Avoiding the Draft Is an Old American Tradition


A large group of American male Reserve Officers Training Corps students gather to protest the U.S. draft in the late 1930s. / Anthony Potter Collection/Getty Images

It is a myth that during the two world wars, men signed up in droves to fight.


By Dr. Amy Rutenberg
Assistant Professor of History
Iowa State University


Introduction

Fear of imminent war and a draft have escalated in the wake of U.S. forces killing Iranian general Qassem Soleimani in early January.

Misinformation spread across social media platforms. The Selective Service System’s website crashed on Jan. 3.

Some people even received fraudulent texts, supposedly from the Army Recruiting Command, telling them that they had been selected for the draft.

But there is no draft in the United States at the moment and there hasn’t been one since 1973, when the Vietnam War ended. A 1979 law renewed the requirement that men register with the Selective Service on their 18th birthdays, but the agency cannot conscript anyone without approval from both houses of Congress and the president.

Nevertheless, the fear felt by young men and those who love them was real, and it’s a fear with a history.
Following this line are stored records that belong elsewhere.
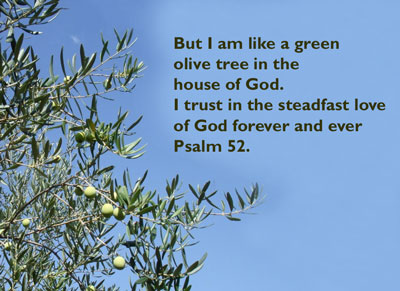Olive tree Psalm 52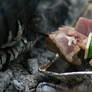 BBQ09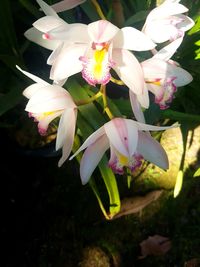 Close-up of white flowering plant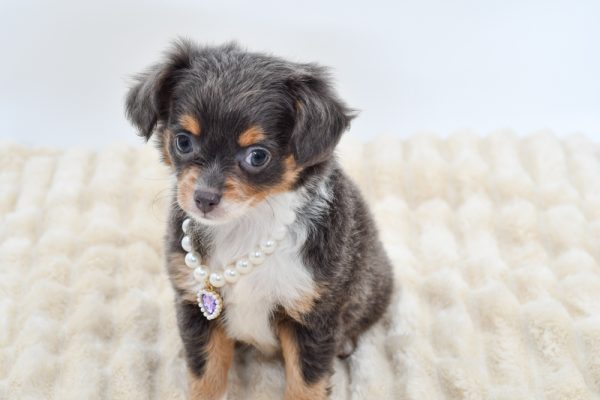 [#261860-02]  - Blue F Chihuahua Puppies for Sale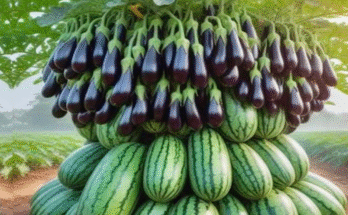 New Watermelon Planting Methods to Harvest More Eggplants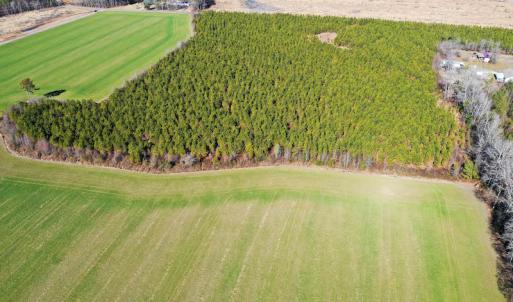 Photo #15 of SOLD property in Off Horse Pen Rd, Courtland, VA 81.8 acres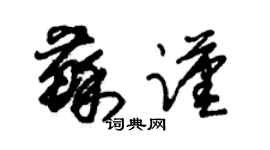 朱锡荣苏谨草书个性签名怎么写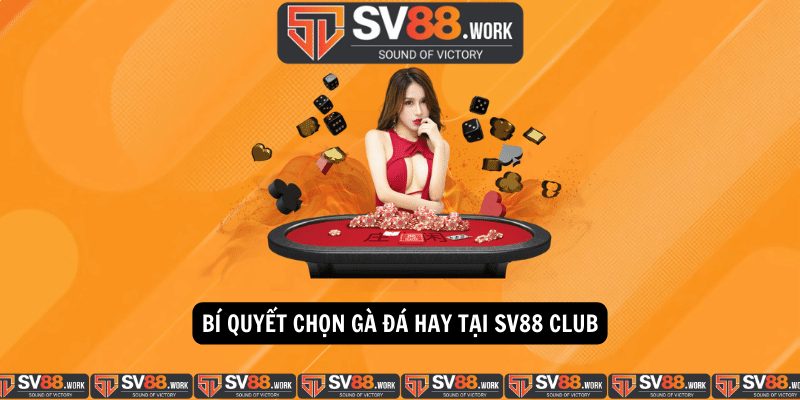 Bí Quyết Chọn Gà Đá Hay tại SV88 Club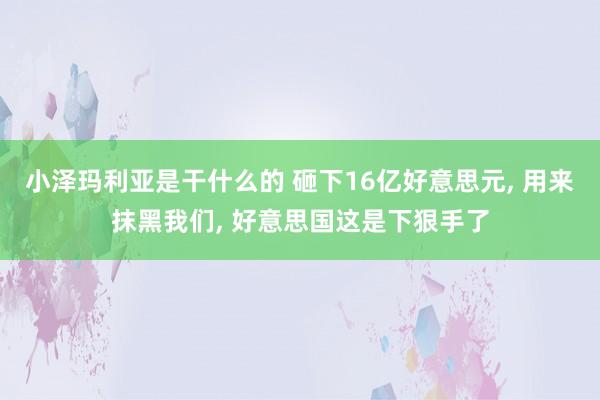 小泽玛利亚是干什么的 砸下16亿好意思元， 用来抹黑我们， 好意思国这是下狠手了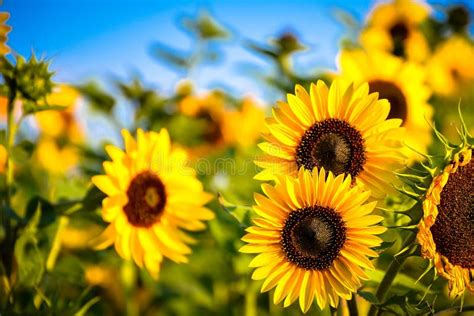 Sunflower Field Sunrise Wallpaper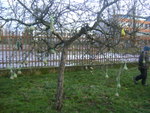 DSC05218.JPG
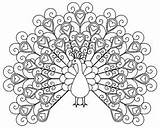 Peacocks Coloring Kids Pages Simple Printable sketch template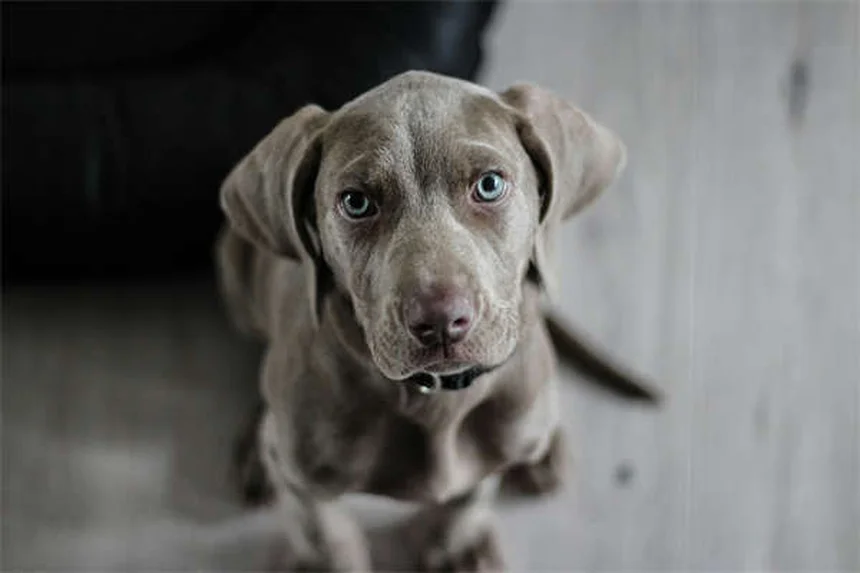 Why Do Dogs Stare at You When They Poop? 5 Surprising Reasons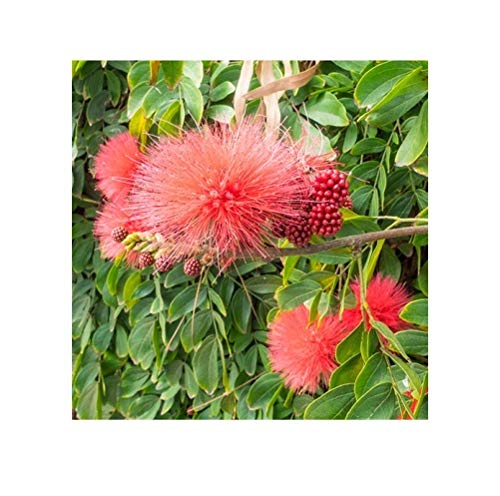 Indian Farms Live Calliandra Pink Flower Plant With Pot - Decorative Outdoor Plant (B07XMFZ1LH) Amazon Price History, Amazon Price Tracker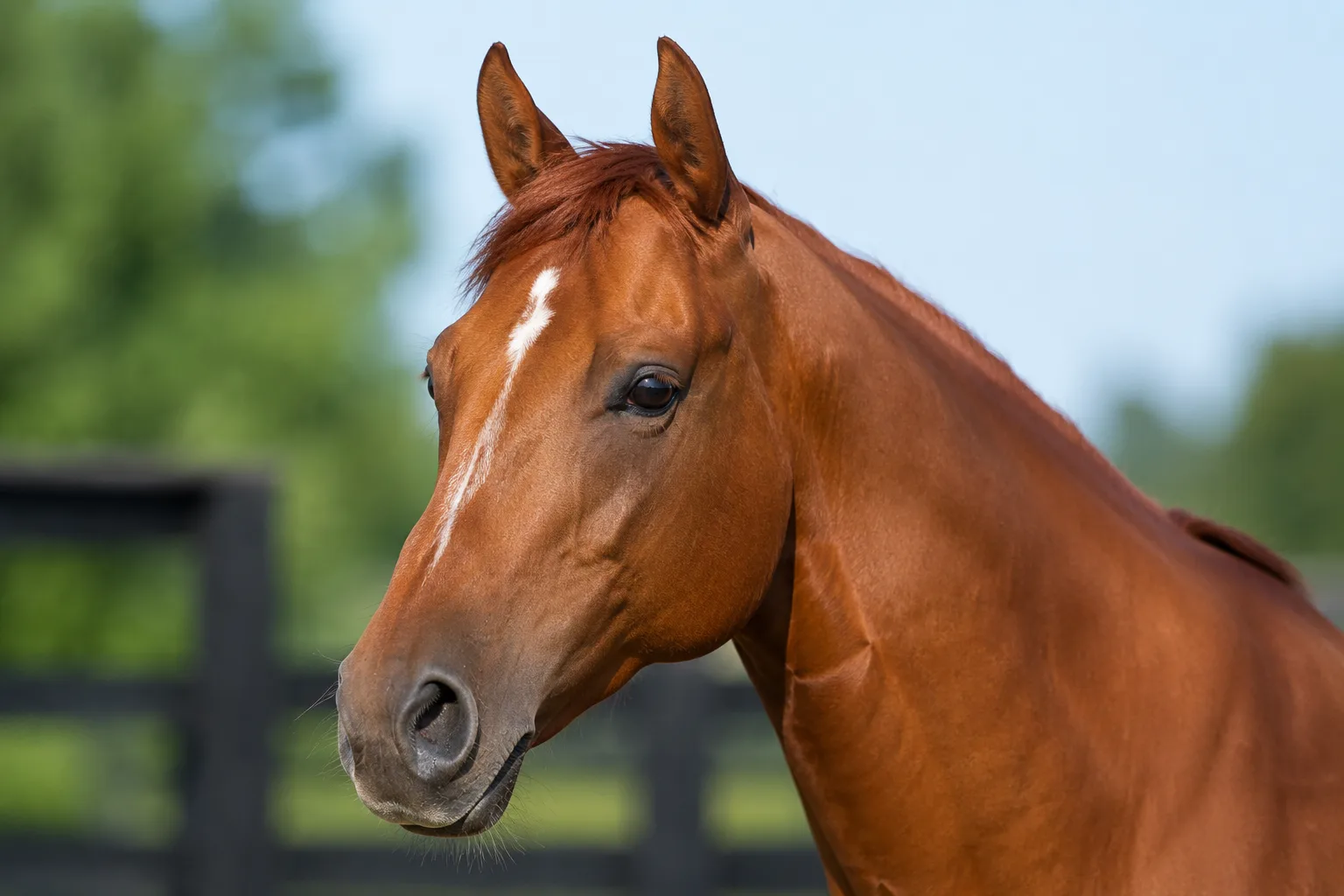 Close-up of the head of a chestnut Thoroughbred, highlighting its large, lively eyes and wide nostrils.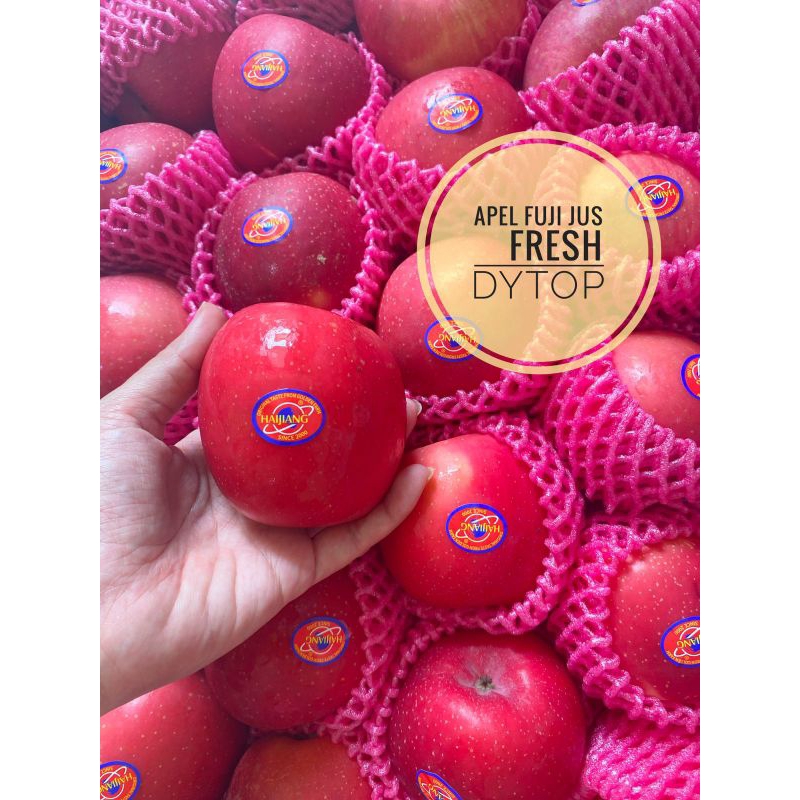 Buah Apel FUJI Manis Garing Fresh Segar - 1 Kg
Draft Avoidance Is Not New

American men have long looked for ways to avoid the draft. In the wake of Soleimani’s death, some young men took to Twitter, threatening to cancel their federal student loan applications because the law requires them to be registered with the Selective Service in order to qualify for financial aid. But this is only the latest iteration of attempted draft avoidance behavior.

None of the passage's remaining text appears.